キリシタン大名たちには、信長、秀吉の天下統一とは別の戦略があった・・・【情熱的読書人間のないしょ話(256)】

【amazon 『アジアのなかの戦国大名』 カスタマーレビュー 2015年12月21日】 情熱的読書人間のないしょ話(256)

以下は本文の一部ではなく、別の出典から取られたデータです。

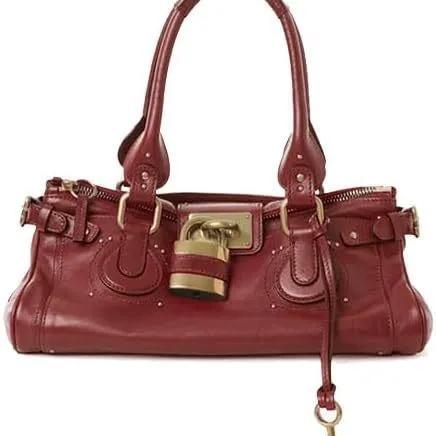 Sac à langer élégant de créateur pour femme, sac fourre-tout de luxe grande capacité, sac à bandouli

今日は野鳥観察会に参加しました。上空を旋回するハイタカ(メス)をカメラに収めることができました。オオタカやノスリも空を舞っています。ジョウビタキのメスの写真も撮れました。腹部が鮮やかな橙色のオスとは異なり地味なので、滅多に見つけることができません。これらを含め、キセキレイ、ベニマシコ、エナガ、カシラダカなど41種の野鳥を観察することができました。さらに、日本で一番小さいカヤネズミの巣と、モズの速贄(はやにえ。この獲物はクモ)も直に目にすることができ、収穫の多い一日でした。因みに、本日の歩数は12,746でした。

P1050439

P1050412

P1050434

P1050431

閑話休題、『アジアのなかの戦国大名――西国の群雄と経営戦略』(鹿毛敏夫著、吉川弘文館)で、著者は、織田信長、豊臣秀吉らの全国統一が当時の政治行動の全てではなく、全国の大名、とりわけ西国の大名たちはアジアを視野に入れた戦略を採用していたと、独自の画期的な見解を発表しています。「日本の一国史内部で働く『天下統一』の行動力学とは異なる、もう一つの志向性を戦国大名たちは有している。その視線の先は『アジア』である。信長が京都で地盤を固めつつある時期に、琉球に使者を派遣した大友氏のみならず、特に西日本に本拠を置く戦国大名たちは、朝鮮、中国、『南蛮』(東南アジア)の海の彼方を見つめ、そのアジア諸地域との結び付きのなかでみずからの領国制の特質を導き出そうとしていた」。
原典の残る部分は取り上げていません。